(EXERCISE DATA)
========================================
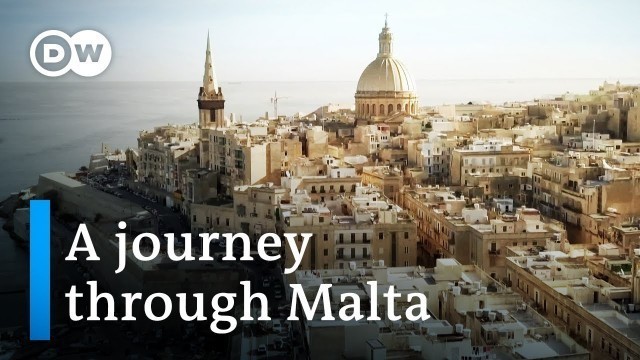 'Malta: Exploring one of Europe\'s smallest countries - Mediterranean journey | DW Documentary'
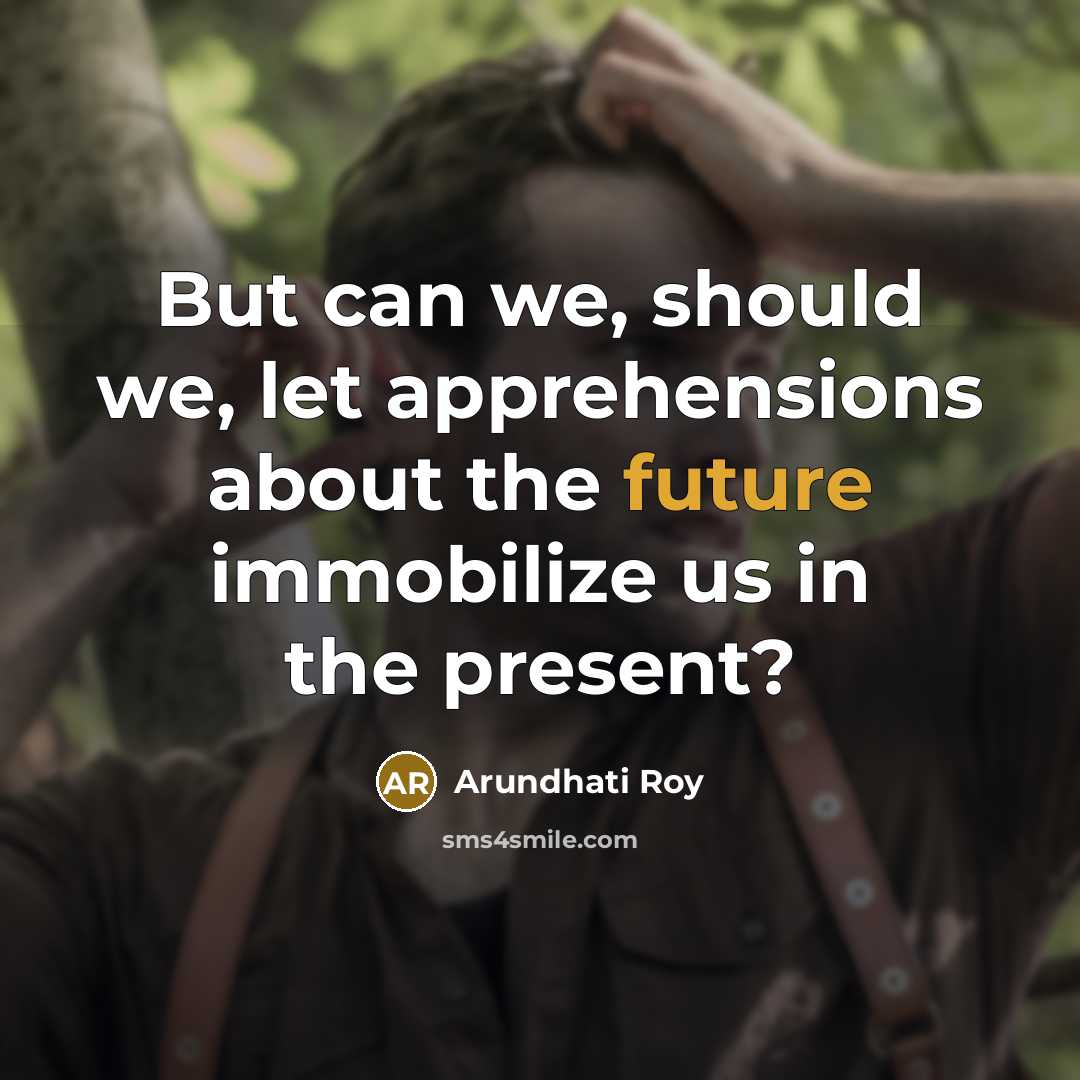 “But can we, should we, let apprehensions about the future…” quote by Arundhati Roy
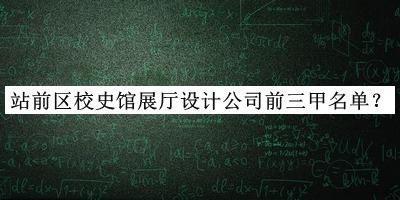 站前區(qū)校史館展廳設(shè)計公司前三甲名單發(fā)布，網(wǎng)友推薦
========================================
(WHAT IS EXPECTED) When you write out the material again, keep every word exact and omit the pictures.

(RESULT)
 'Malta: Exploring one of Europe\'s smallest countries - Mediterranean journey | DW Documentary'
 “But can we, should we, let apprehensions about the future…” quote by Arundhati Roy
 站前區(qū)校史館展廳設(shè)計公司前三甲名單發(fā)布，網(wǎng)友推薦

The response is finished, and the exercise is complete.